Jim raised some eyebrows by waiting until the fourth quarter to go for the two-point conversion while San Francisco had the hot hand, but there would be even more second-guessing for his decision late in the third.

That’s when Jim went ahead with a field goal on fourth-and-2 from the Baltimore 16 after a penalty on the Ravens had given San Francisco a reprieve following an initial miss by David Akers.

And when the situation appeared to call for conservative play-calling with the Niners having first-and-goal at the 7 and two of the league’s most potent running threats in Frank Gore and Kaepernick, Harbaugh let offensive coordinator Greg Roman call passes on the final three plays. All fell incomplete.

To be fair, though, the Ravens also overcame at least one seriously questionable coaching decision by John to claim their second world championship in 12 years.

That came in the second quarter, when the Ravens were rolling, up 14-3, and seemed ready to turn an Ed Reed interception into a sure-thing field goal by the reliable Justin Tucker.
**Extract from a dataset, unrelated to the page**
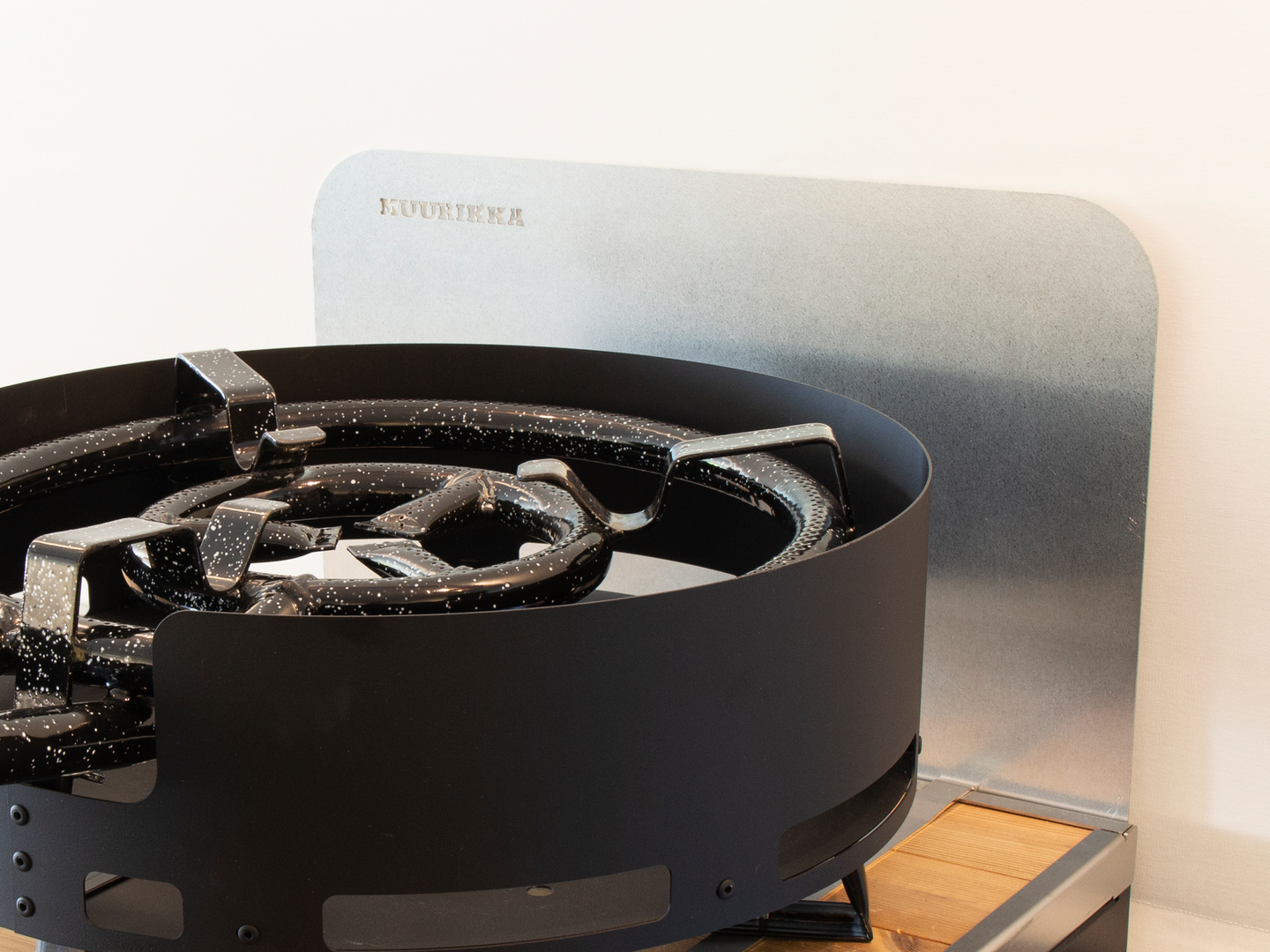 Kesäkeittiön lämpösuojalevy Muurikka Premium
But John inexplicably called for a fake field goal on fourth-and-9, and Tucker managed to get just 6 yards.

The Ravens, however, would survive that boneheaded move and continue to make their coach look smart in a year in which John gambled by firing offensive coordinator Cam Cameron late in the regular season.

“It’s an amazing feeling,” John said. “I’d like to be more profound than that, but that’s all I can come up with right now.”